IKOL: Inverse kinematics optimization layer for 3D human pose and shape estimation via Gauss-Newton differentiation

This paper presents an inverse kinematic optimization layer (IKOL) for 3D human pose and shape estimation that leverages the strength of both optimization- and regression-based methods within an end-to-end framework. IKOL involves a nonconvex optimization that establishes an implicit mapping from an image's 3D keypoints and body shapes to the relative body-part rotations. The 3D keypoints and the body shapes are the inputs and the relative body-part rotations are the solutions. However, this procedure is implicit and hard to make differentiable.

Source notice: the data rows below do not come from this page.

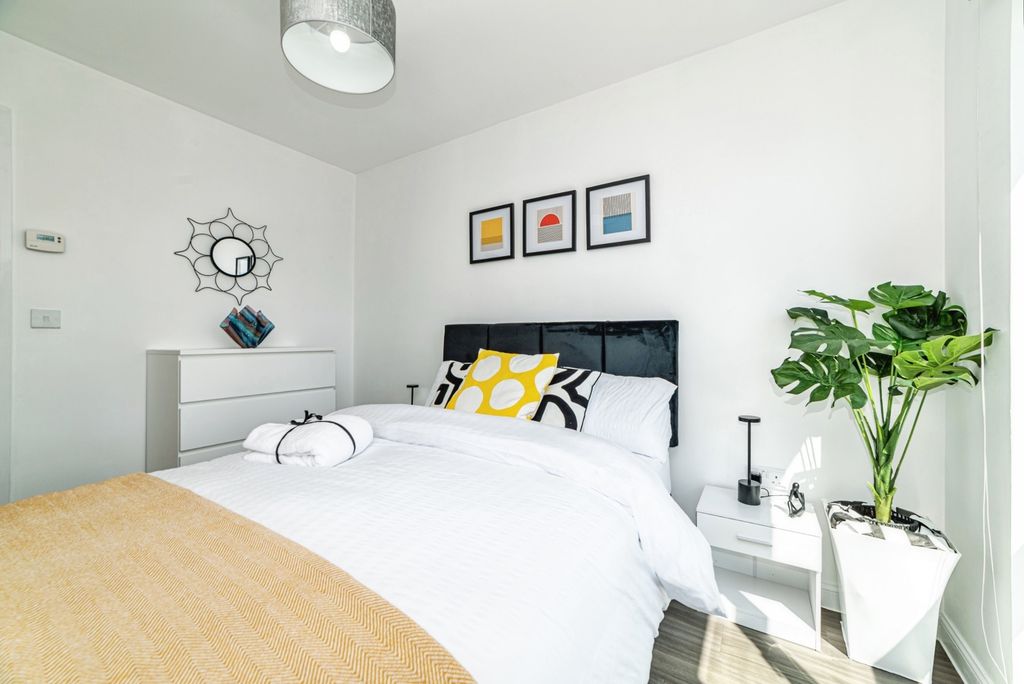 Property photo 3 of 14 Pbox-Img.Jpg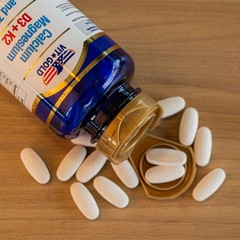 Cálcio Magnésio Zinco com Vitamina D3 e K2 Vitgold - 100 Comprimidos - Foto 2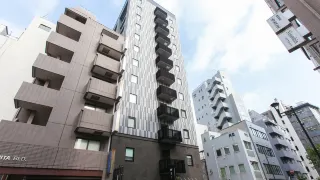 200p1700000138ltq5CEE R 320 180 R5 D
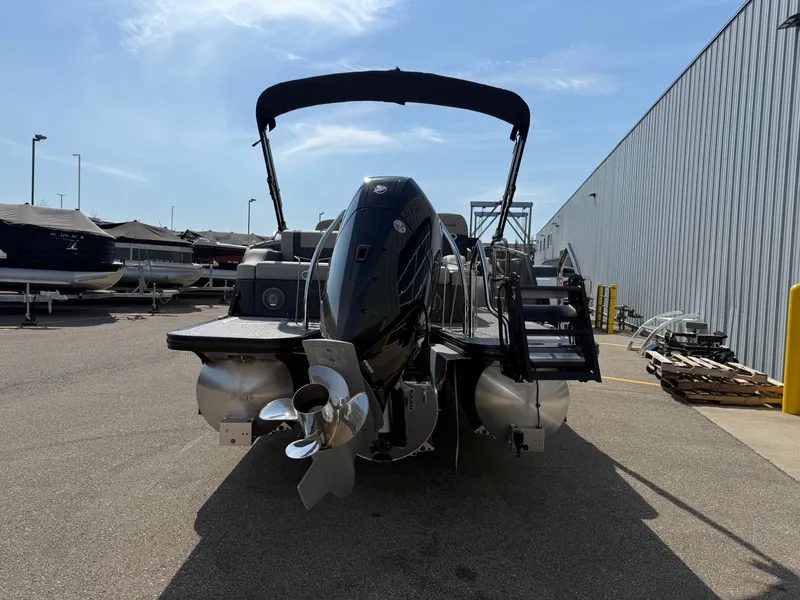 Slide: The Image of Barletta Lusso 25UC 2025 - 4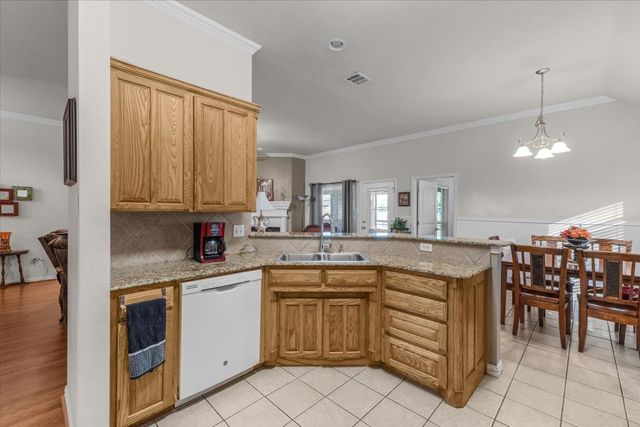 380 Lockwood Lane, Weatherford, TX 76087
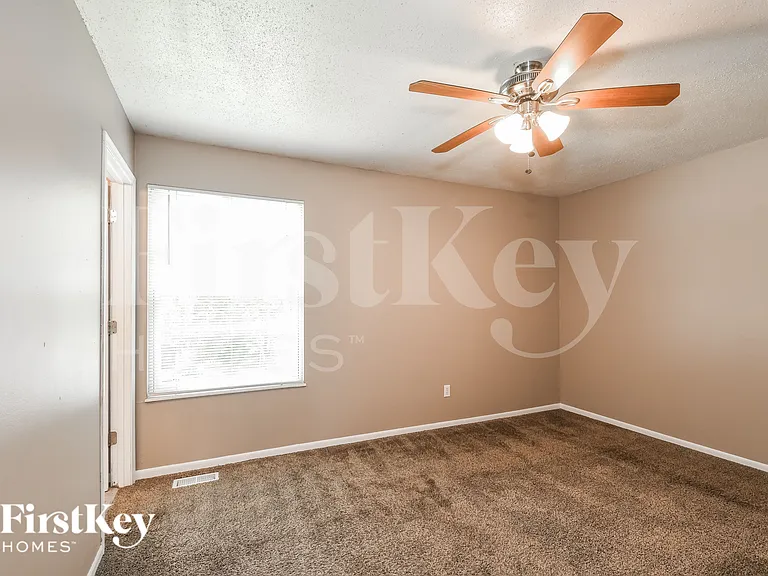 11610 Helenoak Dr — Photo 8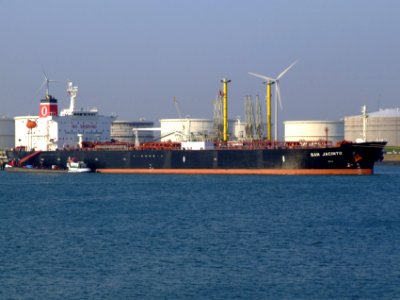 San Jacinto IMO 9247778 at the '5e Petroleumhaven', Port of Rotterdam, Holla 01-Apr-2007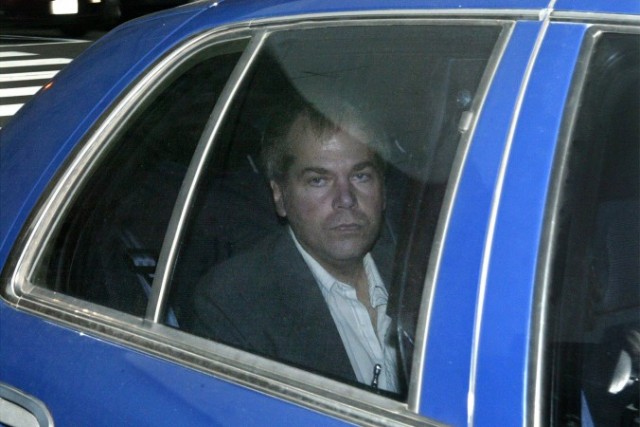 У гроба Папы Иоанна Павла II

So, to overcome this issue, we designed a Gauss-Newton differentiation (GN-Diff) procedure to differentiate IKOL. GN-Diff iteratively linearizes the nonconvex objective function to obtain Gauss-Newton directions with closed form solutions. Then, an automatic differentiation procedure is directly applied to generate a Jacobian matrix for end-to-end training. Notably, the GN-Diff procedure works fast because it does not rely on a time-consuming implicit differentiation procedure. The twist rotation and shape parameters are learned from the neural networks and, as a result, IKOL has a much lower computational overhead than most existing optimization-based methods. Additionally, compared to existing regression-based methods, IKOL provides a more accurate mesh-image correspondence. This is because it iteratively reduces the distance between the keypoints and also enhances the reliability of the pose structures. Extensive experiments demonstrate the superiority of our proposed framework over a wide range of 3D human pose and shape estimation methods.